Ted Mittelstaedt tedm at ipinc.net
Mon May 5 15:11:08 EDT 2008



> -----Original Message-----
> From: arin-ppml-bounces at arin.net 
> [mailto:arin-ppml-bounces at arin.net] On Behalf Of 
> Dan.Thorson at seagate.com
> Sent: Monday, May 05, 2008 11:37 AM
> To: ppml at arin.net
> Subject: Re: [arin-ppml] fair warning: less than 1000days 
> lefttoIPv4 exhaustion
> 
> 
> I apologize in advance, and perhaps I'm missing the entire 
> point... but I think it's all a bit absurd that many of the 
> participants of this email list think that we should all be 
> migrating to IPv6 today, and that if we're not already 
> in-process then woe-be-to-me.  For an enterprise customer's 
> perspective things look a bit different.  Here's a response I 
> received from one of the most well known telecommunication 
> providers in the USA (when asked about providing IPv6 BGP 
> peering across our Internet circuit)
> 
> "Commercial products are expected to become available 
> starting in 2009. For MIS in particular, Current plans are 
> for IPv6 to be made available on a limited basis on MIS in 
> 1Q09 with general availability scheduled for 4Q09."
> 

Remember the US government has a deadline of this year for IPv6
from it's vendors.  That is why your seeing this.

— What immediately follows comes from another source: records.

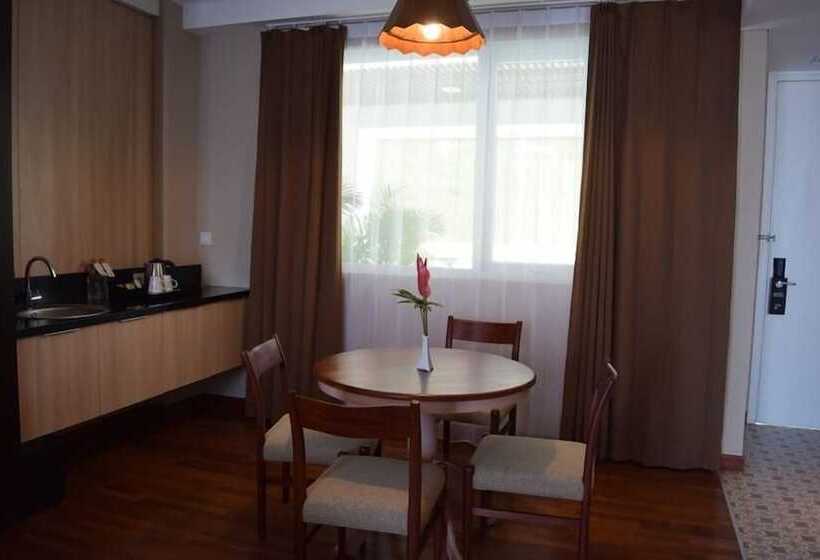 Fotos del hotel Amartha Hills Hotel And Resort:  14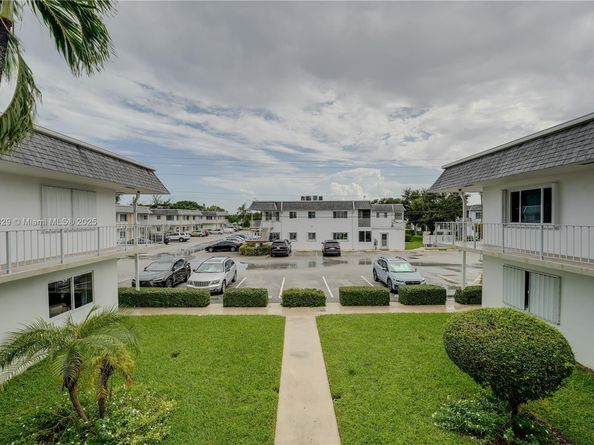 3280 Cynthia Ln 205, Lake Worth FL 33461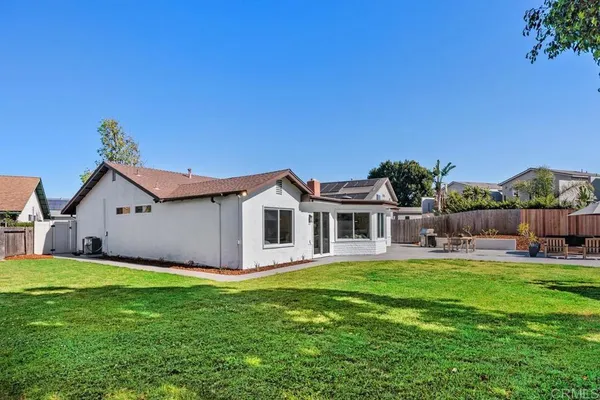 $2,100,000 | 4185 Combe Way, San Diego, CA 92122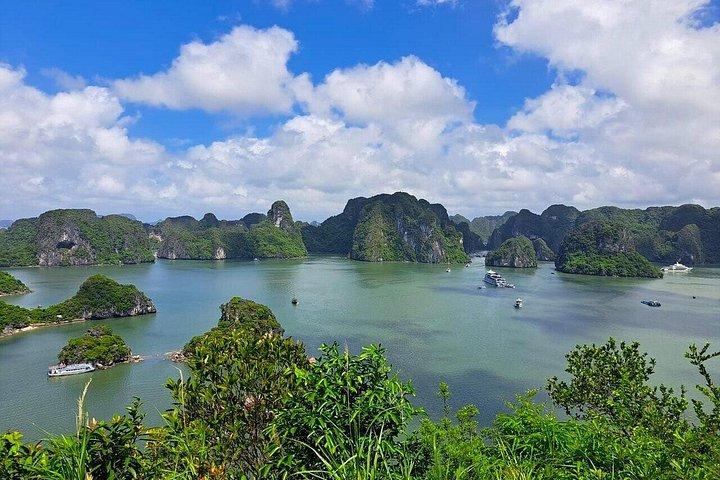 北ベトナムのベスト5日間旅行：ハノイ、ニンビン、ハロン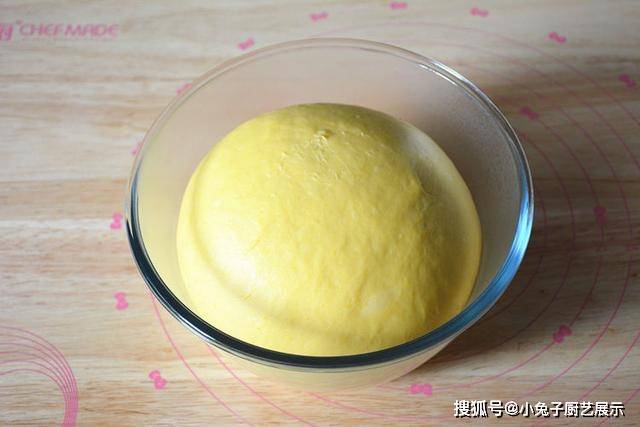 美食|南瓜别再蒸着吃了，加在面粉里做成吐司，又香又柔软，早餐就它了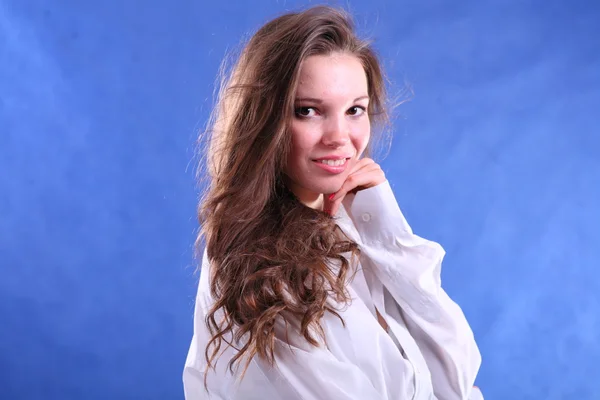 Jeune femme studio portrait — Photo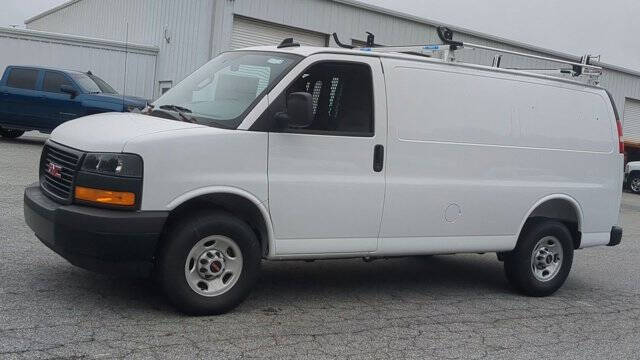 2025 GMC Savana 2500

> So: a huge ISP/telecom provider in the US is saying they'll 
> provide IPv6 to me in about 18 months.  A query to one of my 
> other upstreams provided this:
> 
> "We are currently evaluating our IPv6 solution in our lab, 
> but it is not something that we offer today. We will be 
> making a decision of general availability at the beginning of 
> Q3 2008."
> 
> So this smaller ISP (with reach in to a reasonable fraction 
> of the US) will THINK about availability in a few months.  
> That's not any kind of guarantee that they actually WILL provide it.
> 

They probably won't.  A smaller ISP likely has no government
contracts.  Thus they will likely have no existing customers that
will demand IPv6.

> So I please beg everybody's pardon when I say, speaking ONLY 
> for me (and not my company), that I do not have any sense of 
> urgency re: an IPv6 conversion/rollout, since clearly my 
> upstreams don't have any.
> 

But you see, you don't have any choice.  Since your upstreams
don't provide it YOU CAN'T provide it EVEN IF you had a sense of
urgency.  (unless you wanted to get involved with a tunnel
provider, yuck)

So why would you, being I'm assuming a somewhat logical person,
start jumping up and down and having a heart attack over something
that you cannot change?

> I suspect the biggest problem will be for the company which 
> opens their doors in 3 years, and tries to get IP space, and 
> finds that they can only get IPv6... and then discovers that 
> only a fraction of the people on the Internet can reach their 
> www site.  THEN it's gonna hit the fan.
>

I think this is VERY UNLIKELY.

Any company that opens it's doors in 3 years is either going to be
small, in which case they get IP numbering from their ISP and
NOT from the RIRs - OR they are going to be a massively largely
funded venture capitalized firm that has clueful people involved
in the business plan who are going to know about this stuff and
know about the workarounds long before getting any rude awakenings.

The small fry if they need IPv4 they will just go shopping for a
different ISP if the one that they have can't provide it.

The large fry are going to do what the large fry always do - which
is spend money on a workaround (getting IPv4 from an ISP that has it)
or forcing the rest of the world to do things the way they want them
done. (ie: use IPv6)

I think the biggest problem will be the medium-sized ISPs who are
not big enough to have the money to force the rest of the world
to do things their way, yet are large enough that they have growing
and pressing needs for IPv4.  Those folks will have to get involved
in proxying IPv6<->IPv4 and such, and God help them if they can't get
their customers to go along with them.

But, it's not like ARIN didn't forcibly subscribe all those medium-sized
fry to this mailing list - and I recall a flood of unsubscribe requests
after that.  Well, if those people refuse to be educated and prefer to
stick their head in the sand on this, then piss on them.